In both cases, I think the questions “what do I need?” or “what do you need?” can be so helpful in getting us off the road, away from the path, and getting the healing integrated into our hearts and our bodies. The answer usually sounds like, “I need to be reminded of X,” or “I need to understand Y.”

But what happens if we don’t know the answer?

It’s totally normal, probably quite common, not to be able to answer that question. And in the absence of a clear answer, we grab for something easy: Retelling.

We are natural storytellers, and we use stories every day to make sense of ourselves and the world. There’s just one problem with this: Our brains are making up those stories, and our brains are famously unreliable narrators.

We think we can trust the voice in our head that says we deserved it, or we didn’t. We think we can trust the voice that tells us it was our failing, and our fuckup. We think we can trust the voice that tells us we are victims, that we are being rejected, and that we did do the right thing.

I’m sorry to tell you, friends, we cannot trust our own brains. Our own brains have been positively polluted by outside influences, explicit lessons, and implicit expectations. My brain is constantly telling me things that I absolutely know are not true.

I’m unlikable. I’m lazy. I’m unworthy. I’m unimportant.

I know, on an intellectual level, that these things aren’t true but my brain has been deeply committed to these stories for as long as I can remember.

Someday I’ll tell the whole story of the mushroom trip that changed my life, but today my story is about how psilocybin therapy can do things that talk therapy cannot do.

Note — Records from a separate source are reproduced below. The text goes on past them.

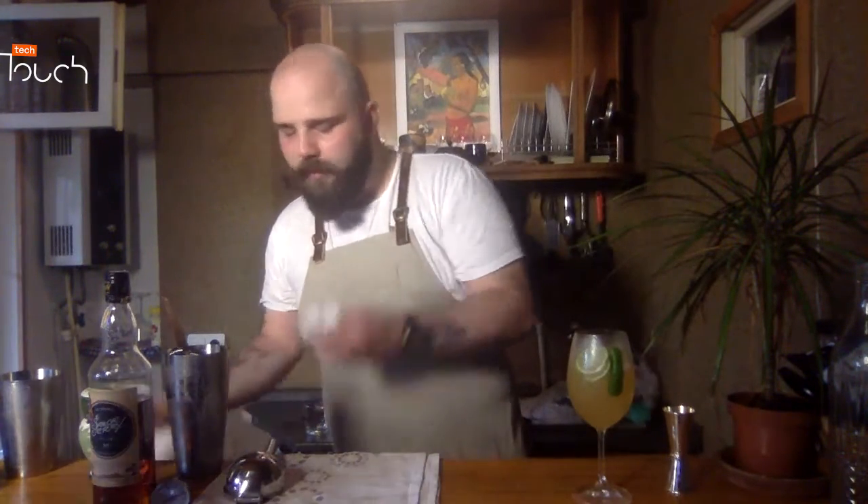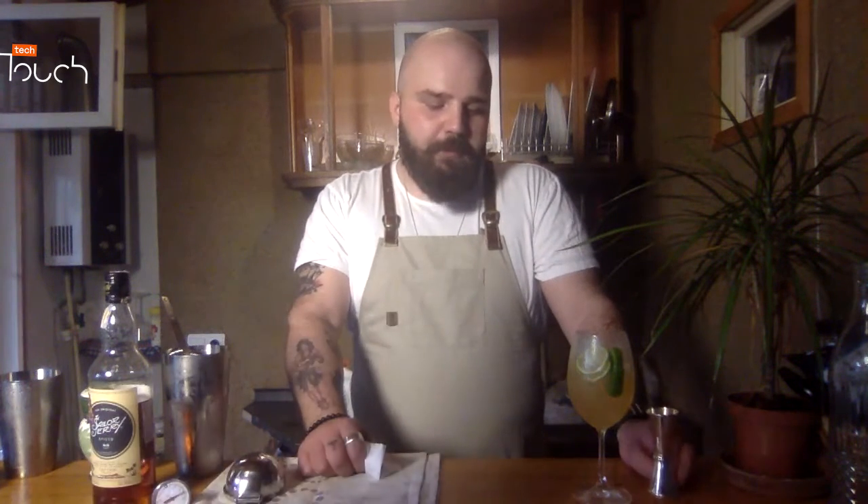It was a hard way for me to be a bartender. I started in Moscow in 2009 — I was just 17 years old. The first year of my bartending career was very hard. I was struggling every day.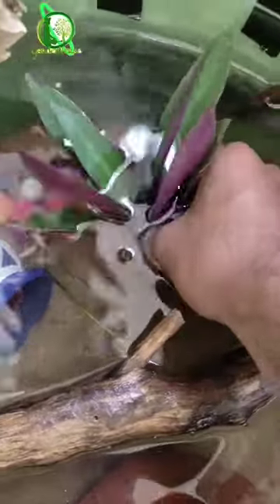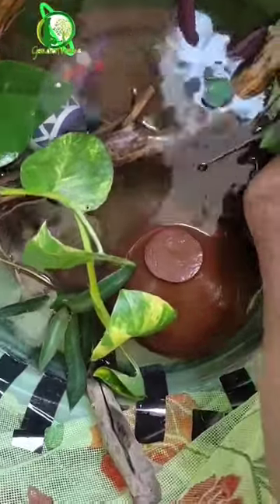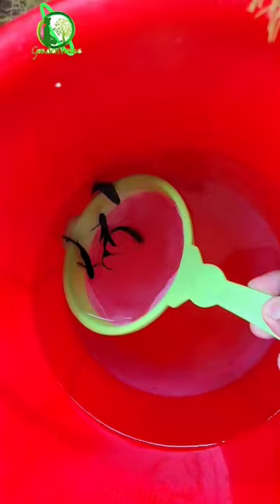Now time to put some more plants. Finally putting the fishes.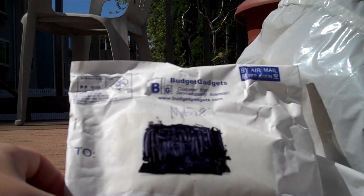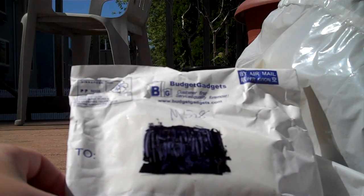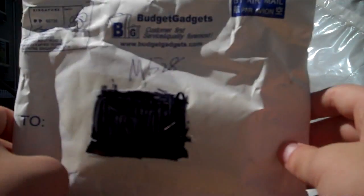Hey YouTube, what's up? It's SkipjackThomas here. How are you guys doing? Today I'm going to be unboxing this product that Budget Gadgets sent me. I think it's a solar wrist charger thing or whatever.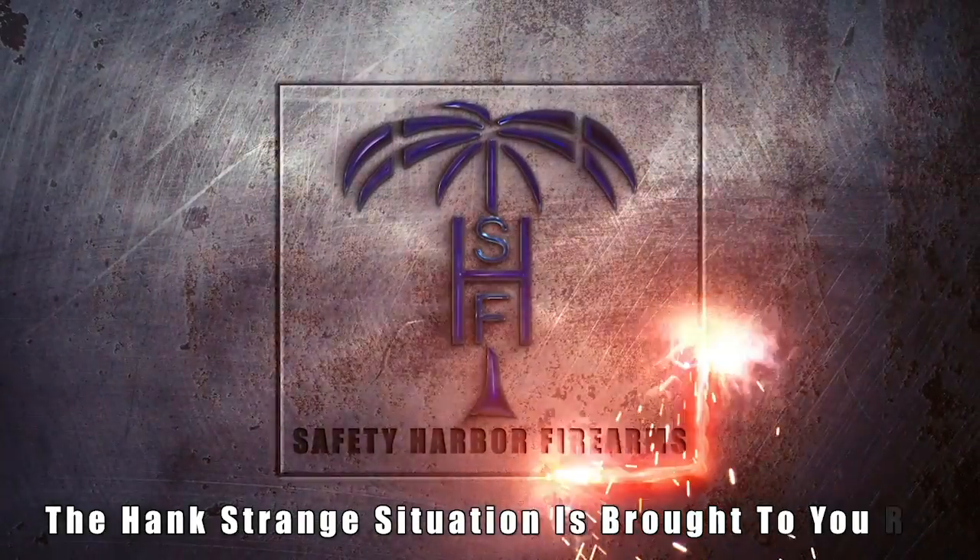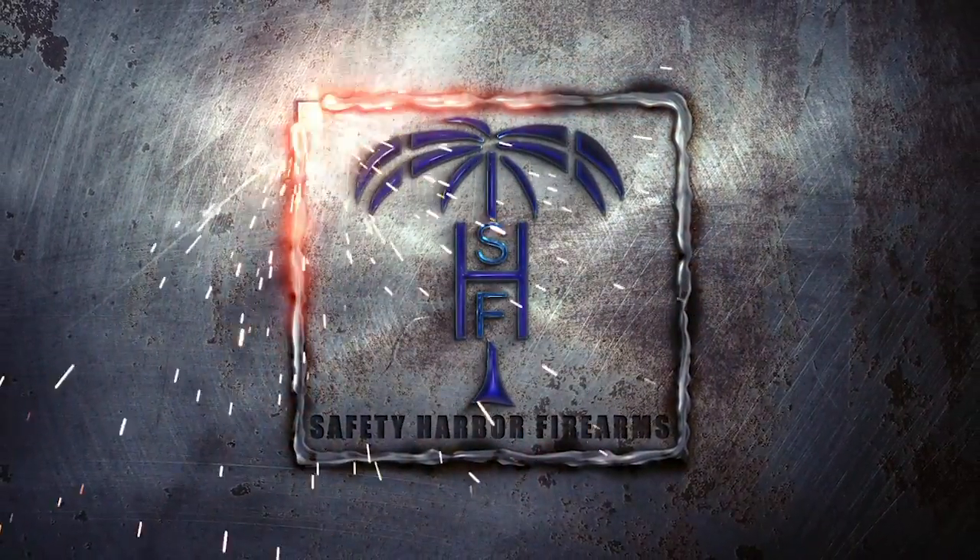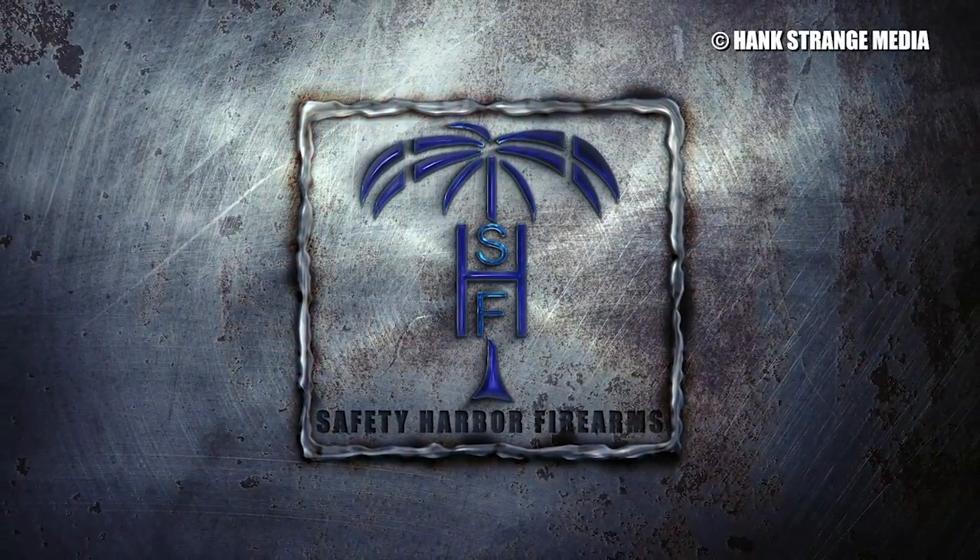Welcome back to the Hank Strange Situation, Lifestyles of the Locked and Loaded. Make sure to check out HankStrange.com — you can sign up for our email list and find ways to follow and support our efforts.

My experience of magic mushrooms is that they basically wash my brain with self-awareness and self-acceptance. All the lies and stories don’t get rinsed away, they get exposed. I can see where they came from, what role they play in my life, and (most importantly) what’s the actual truth. 

The way our physiology works (more on this in the future), the medicine simultaneously protects your brain from fear, anxiety, and negative self-talk while also accelerating the rate and diversity of new connections. This means I can think and feel much quicker than normal, more clearly, and without judgement.

It’s one thing to know you can’t trust the voice in your head, but it’s a world away from understanding where that voice comes from and having the grace and perspective to accept it and not be moved by it. 

Rather than helping us think more clearly, like talk therapy, mushrooms have the ability to allow us to feel more clearly. They show us why we cannot trust our brains and invite us to learn to trust our intuition.

In those moments when I feel like talk therapy has gotten me as far as I can go, mushrooms have proven tremendously powerful in helping me continue to move forward.